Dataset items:
◇ ◇ ◇ ◇ ◇ ◇ ◇
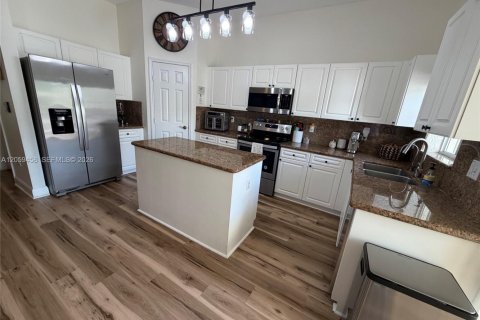 Townhouse in Homestead, Florida 3 bedrooms, 176.98 sq.m. № 2158069 - photo 17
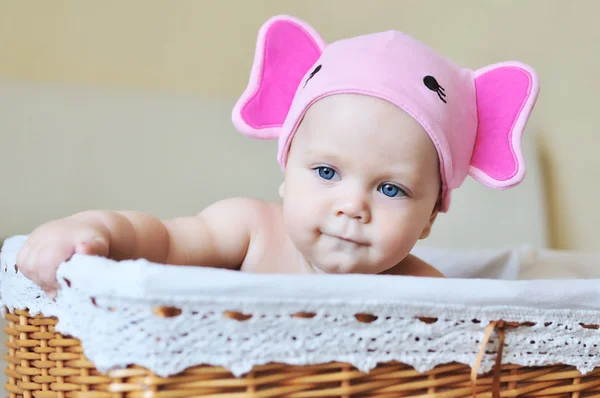 Bebek komik şapka takıyor — Stok fotoğraf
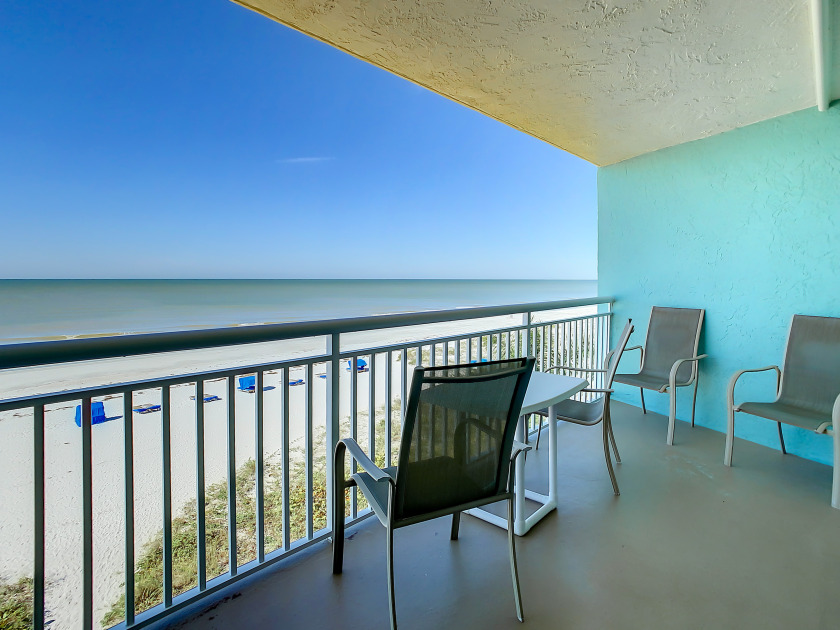 Chateaux 303 - Direct Beach - Beach Vacation Rentals in Indian Shores, Florida on Beachhouse.com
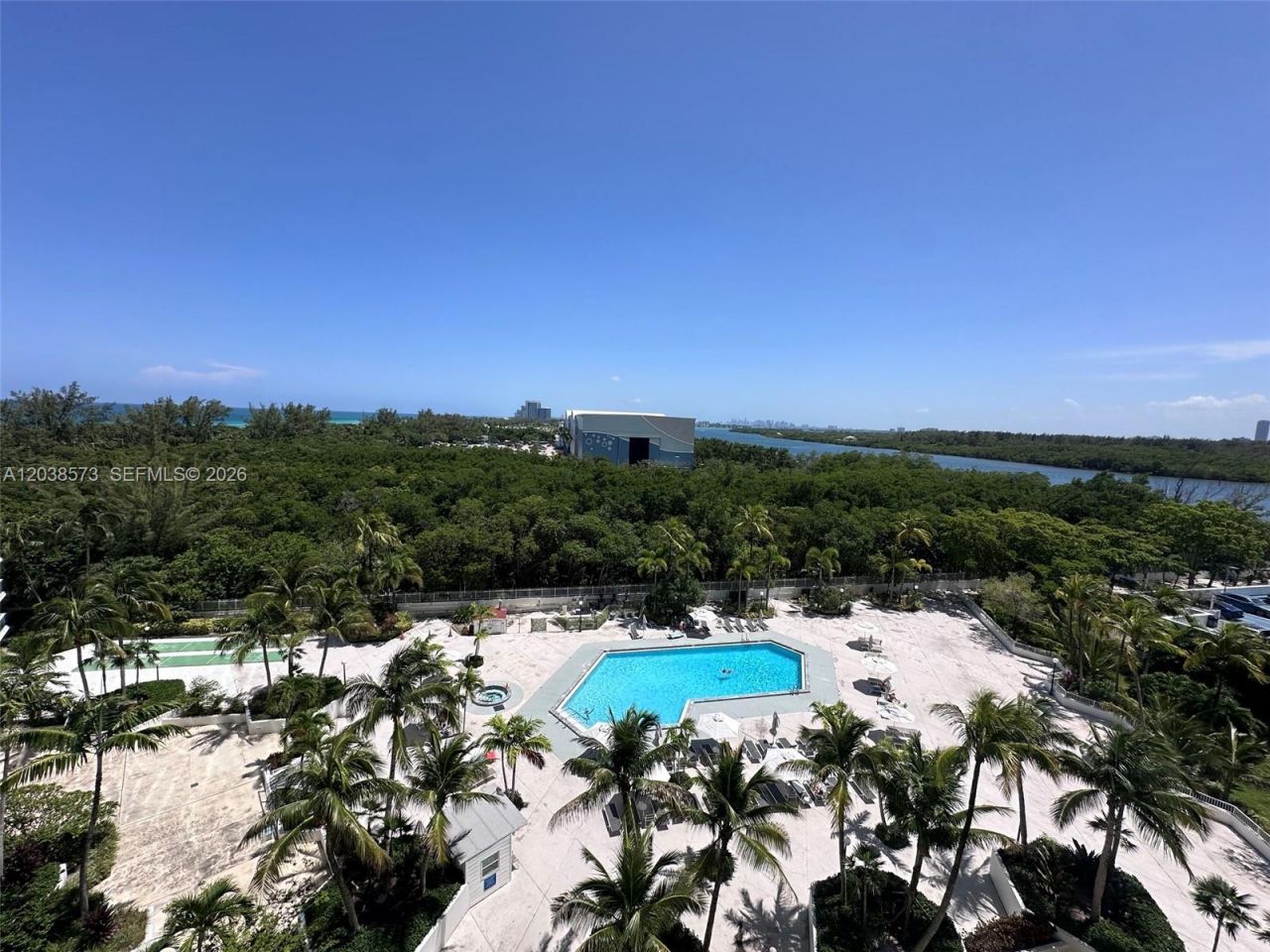 100 Bayview Dr , Unit 823, Sunny Isles Beach, FL 33160 Photo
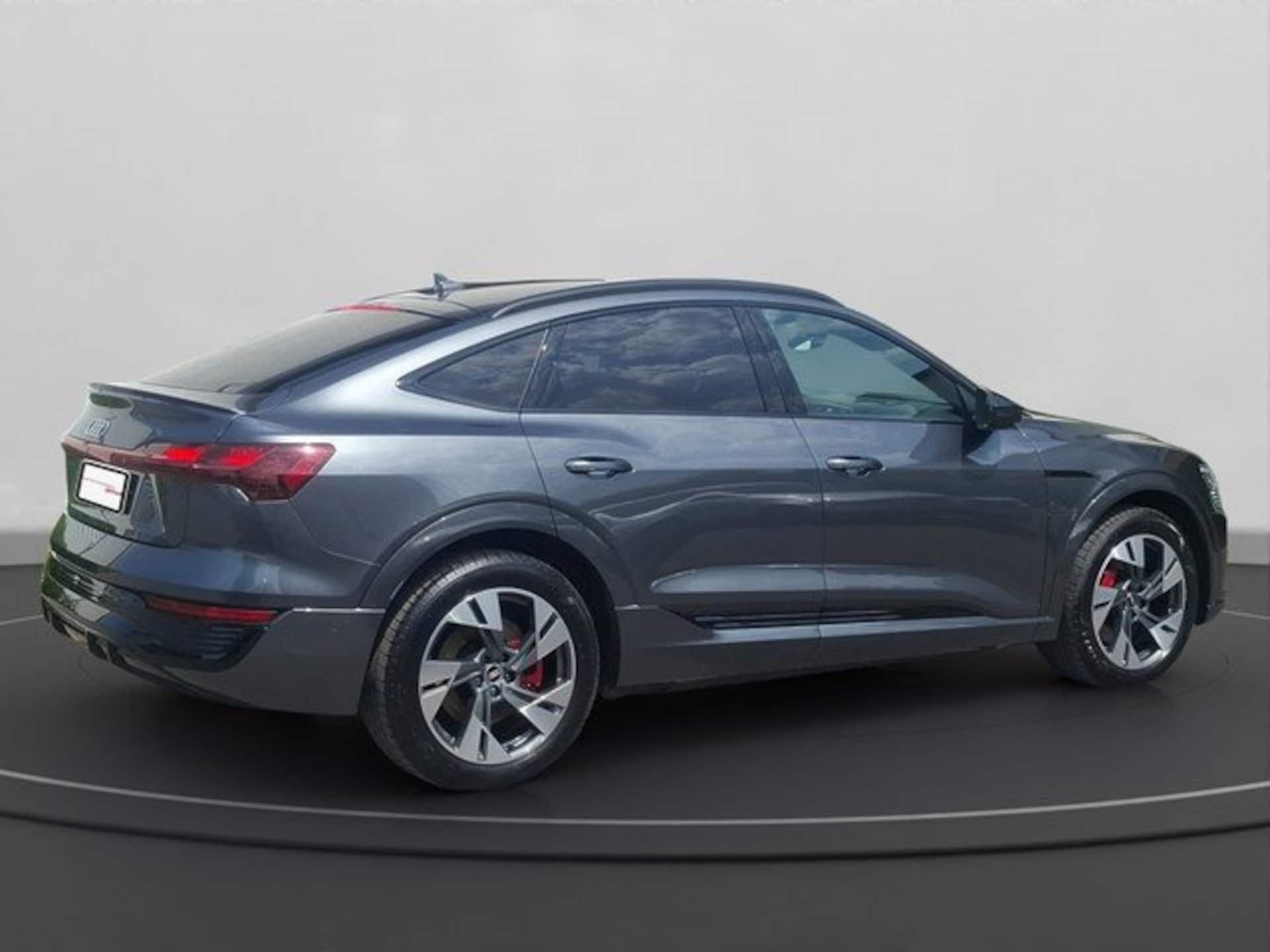 Audi Q8 Sportback e-tron S line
◇ ◇ ◇ ◇ ◇ ◇ ◇
__EXERCISE AIM__:
In the copy, omit the pictures and reproduce every entry exactly.

__EXPECTED OUTPUT__:
 Townhouse in Homestead, Florida 3 bedrooms, 176.98 sq.m. № 2158069 - photo 17
 Bebek komik şapka takıyor — Stok fotoğraf
 Chateaux 303 - Direct Beach - Beach Vacation Rentals in Indian Shores, Florida on Beachhouse.com
 100 Bayview Dr , Unit 823, Sunny Isles Beach, FL 33160 Photo
 Audi Q8 Sportback e-tron S line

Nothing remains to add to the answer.